## Problem details
From the entries below, retype only the lines from the one with "2027 INFINITI QX80 Luxe 4WD" through the one with "Lãnh đạo Trường", exactly as written.
___
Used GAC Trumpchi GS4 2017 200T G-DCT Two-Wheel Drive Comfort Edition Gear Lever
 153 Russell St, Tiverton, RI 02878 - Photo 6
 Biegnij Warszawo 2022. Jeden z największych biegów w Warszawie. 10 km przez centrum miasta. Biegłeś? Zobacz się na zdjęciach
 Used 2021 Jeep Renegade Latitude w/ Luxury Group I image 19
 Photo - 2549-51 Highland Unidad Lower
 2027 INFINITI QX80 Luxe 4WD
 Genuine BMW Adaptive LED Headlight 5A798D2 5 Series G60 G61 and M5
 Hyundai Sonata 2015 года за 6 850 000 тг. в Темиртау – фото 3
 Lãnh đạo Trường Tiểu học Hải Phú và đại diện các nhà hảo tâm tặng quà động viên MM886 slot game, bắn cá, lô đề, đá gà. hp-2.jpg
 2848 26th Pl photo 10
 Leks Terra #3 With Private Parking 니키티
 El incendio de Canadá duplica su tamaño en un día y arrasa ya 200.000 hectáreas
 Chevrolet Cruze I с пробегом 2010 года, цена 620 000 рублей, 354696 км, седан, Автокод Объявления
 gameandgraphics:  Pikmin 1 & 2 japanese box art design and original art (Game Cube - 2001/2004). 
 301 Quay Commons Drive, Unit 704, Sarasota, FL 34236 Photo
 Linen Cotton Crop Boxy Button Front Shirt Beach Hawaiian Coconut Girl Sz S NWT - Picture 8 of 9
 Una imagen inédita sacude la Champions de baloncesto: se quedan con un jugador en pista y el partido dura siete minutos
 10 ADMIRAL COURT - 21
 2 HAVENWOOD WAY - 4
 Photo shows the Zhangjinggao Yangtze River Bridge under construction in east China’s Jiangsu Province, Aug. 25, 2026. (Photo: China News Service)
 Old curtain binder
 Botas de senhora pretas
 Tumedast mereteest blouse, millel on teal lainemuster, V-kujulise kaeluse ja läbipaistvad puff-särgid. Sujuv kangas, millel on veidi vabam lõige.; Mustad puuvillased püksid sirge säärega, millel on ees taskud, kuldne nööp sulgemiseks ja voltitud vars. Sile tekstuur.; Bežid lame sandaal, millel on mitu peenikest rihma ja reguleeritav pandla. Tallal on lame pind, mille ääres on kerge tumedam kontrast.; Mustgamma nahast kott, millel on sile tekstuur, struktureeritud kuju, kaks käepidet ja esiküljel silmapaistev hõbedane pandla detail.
___
## Exercise answer
 2027 INFINITI QX80 Luxe 4WD
 Genuine BMW Adaptive LED Headlight 5A798D2 5 Series G60 G61 and M5
 Hyundai Sonata 2015 года за 6 850 000 тг. в Темиртау – фото 3
 Lãnh đạo Trường Tiểu học Hải Phú và đại diện các nhà hảo tâm tặng quà động viên MM886 slot game, bắn cá, lô đề, đá gà. hp-2.jpg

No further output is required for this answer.